En Blu-ray : S'il est un cinéaste français sous-estimé, oublié, quand il n'est pas moqué, c'est bien Philippe de Broca. Et c'est injuste car il a apporté un style unique au cinéma hexagonal, un style fait de comédie et d'action, où la poésie et la mélancolie affleurent, où le rire est intelligent, les propos plus profonds qu'ils n'en ont l'air, où la mise en scène allie simplicité et inventivité. Comédies d'aventure (Les Tribulations d'un Chinois en Chine, L'Homme de Rio qui inspira Steven Spielberg himself, Le Magnifique, L'Incorrigible...), comédies policières (Le Diable par la Queue, Tendre Poulet, On a volé la cuisse de Jupiter), films de cape et d'épée (Cartouche, Le Bossu) et tant d'autres oeuvres inclassables (Le Roi de Coeur, Les 1001 Nuits...) ponctuent la filmographie de ce grand monsieur.
Gloire à Gaumont qui édite en Blu-ray les deux premiers opus du réalisateur : Le Farceur et Les Jeux de l'Amour. Deux petits bijoux de légèreté et de joie de vivre, d'où la noirceur n'est toutefois pas absente. Deux longs-métrages réalisés au début des années 1960 et qui contiennent déjà tous les thèmes, tout le style du cinéaste. D'un côté, Les Jeux de l'Amour, Ours d'argent à Berlin en 1960, est une sorte d'antithèse de Jules et Jim et de vrai-faux ménage à trois ; de l'autre, Le Farceur narre les tribulations d'un Casanova qui découvre l'amour, enfin, croit le découvrir.

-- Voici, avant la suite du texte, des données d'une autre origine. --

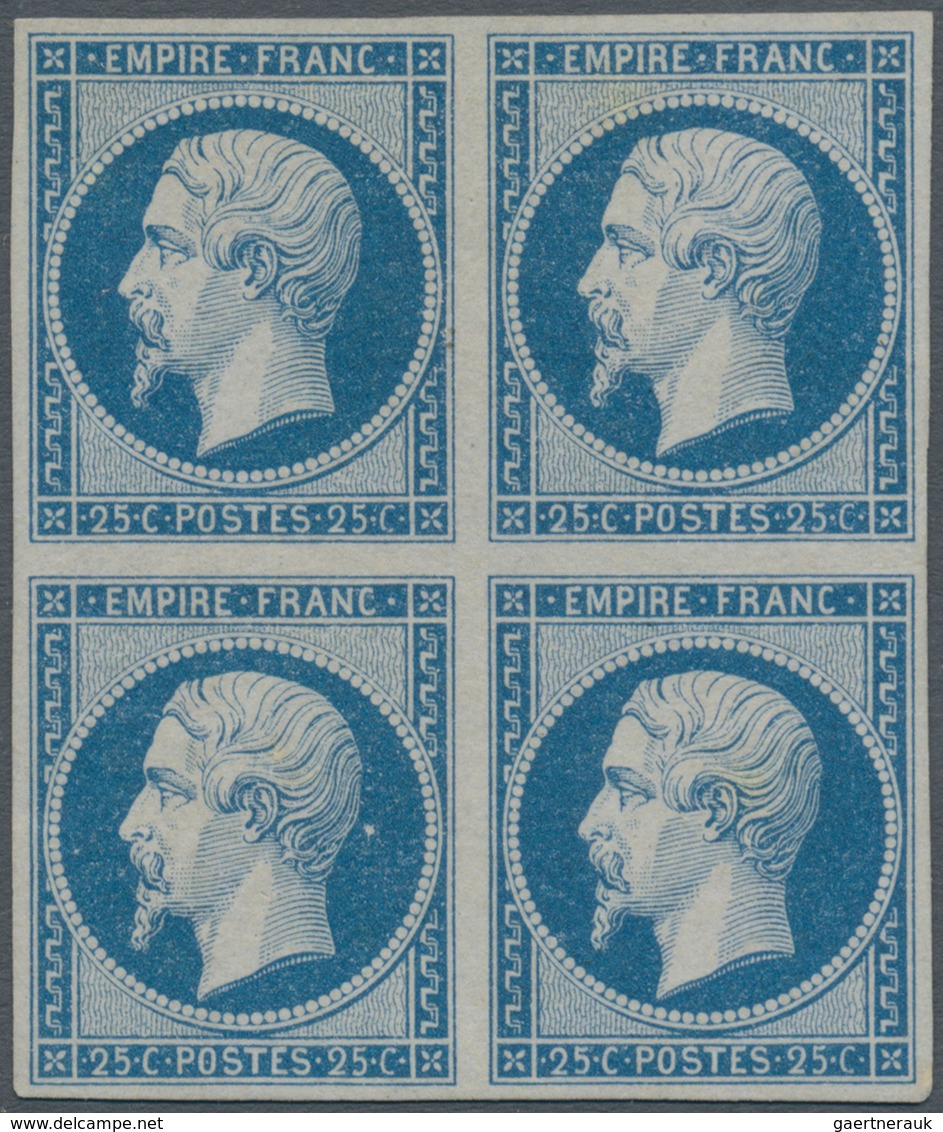 Frankreich: 1853, Empire Nd 25c. Blue, Block Of Four, Bright Colour And Full Margins All Around, Unu - Altri & Non Classificati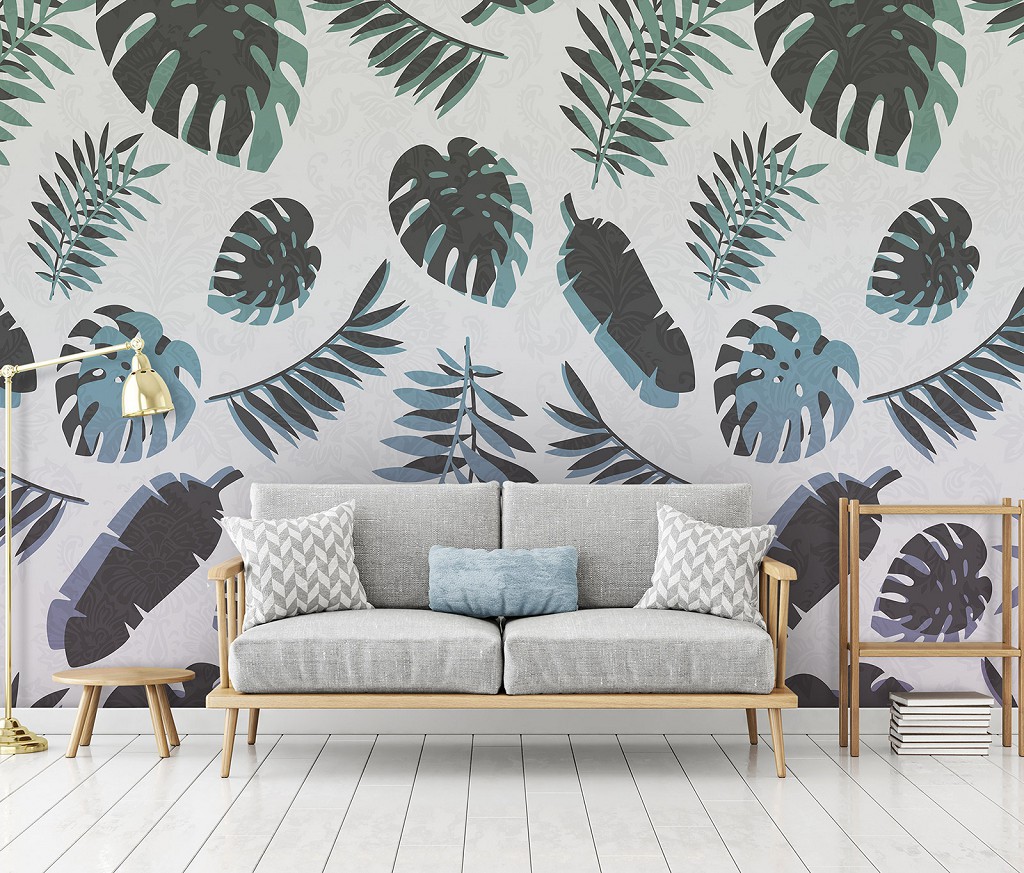 Флизелиновые фотообои 520x318 см Листья темного цвета на светлом фоне (13780VEXXXXXL) +клей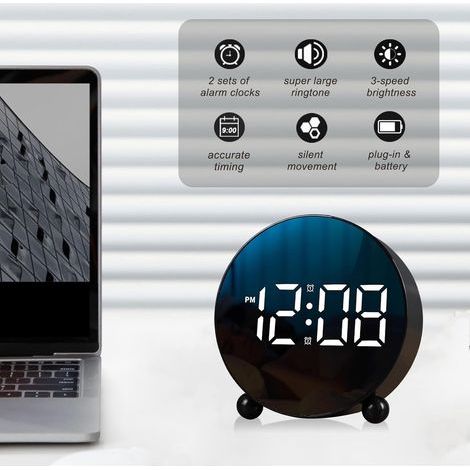 Digitaler Wecker, runder Wecker mit LED-Anzeige, kleiner digitaler Wecker mit Doppelklingel, 3 einstellbare Helligkeitsstufen, geräuschloser Tischwecker, leistungsstarker Nachttischwecker, geeignet fü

Au coeur de chaque histoire, un hurluberlu exalté, horriblement égocentrique mais terriblement attachant. Il est incarné dans les deux films par un Jean-Pierre Cassel au sommet de son art : il danse, chante, virevolte, joue avec une classe folle. Souvenez-nous du discours ému de Vincent Cassel lorsqu'il a reçu son César pour Mesrine et de l'hommage en vidéo à son père dansant (à 2:31) : la scène était justement tiré du Farceur. Cassel qui gambade sur les toits, qui cavale dans les rues, qui joue les bouffons et cache son spleen... Il annonce Belmondo dans Les Tribulations ou L'Homme de Rio !
Les scénarios et dialogues sont cosignés par Daniel Boulanger - c'est drôle, méchant aussi, toujours juste. Et les partitions sont signées de l'immense Georges Delerue : tantôt enjouées, elles accompagnent le mouvement ; tantôt mélancoliques, elles lui apportent un contrepoint saisissant. Et la réalisation de Philippe de Broca est déjà pleine de virtuosité mais d'une virtuosité qui ne cherche pas à en mettre plein la vue.
Quant aux éditions de Gaumont, elles sont magnifiques. L'image haute déf met bien en valeur les superbes noir et blanc. En bonus, deux sketchs tirés de films à sketchs coréalisés par de Broca : La Gourmandise (Les Sept péchés capitaux, 1962) dans Les Jeux de l'Amour et Mademoiselle Mimi (Le Plus vieux métier du monde, 1967) dans Le Farceur. Ainsi qu'un passionnant documentaire sur le cinéaste : une partie dans un Blu-ray, la suite dans l'autre. Les fans seront aux anges, ceux qui connaissent peu ou mal de Broca trouveront là l'occasion de découvrir un cinéaste qui après avoir aidé Chabrol et Truffaut à leurs débuts a imposé un regard tendre, gai et désabusé sur le monde.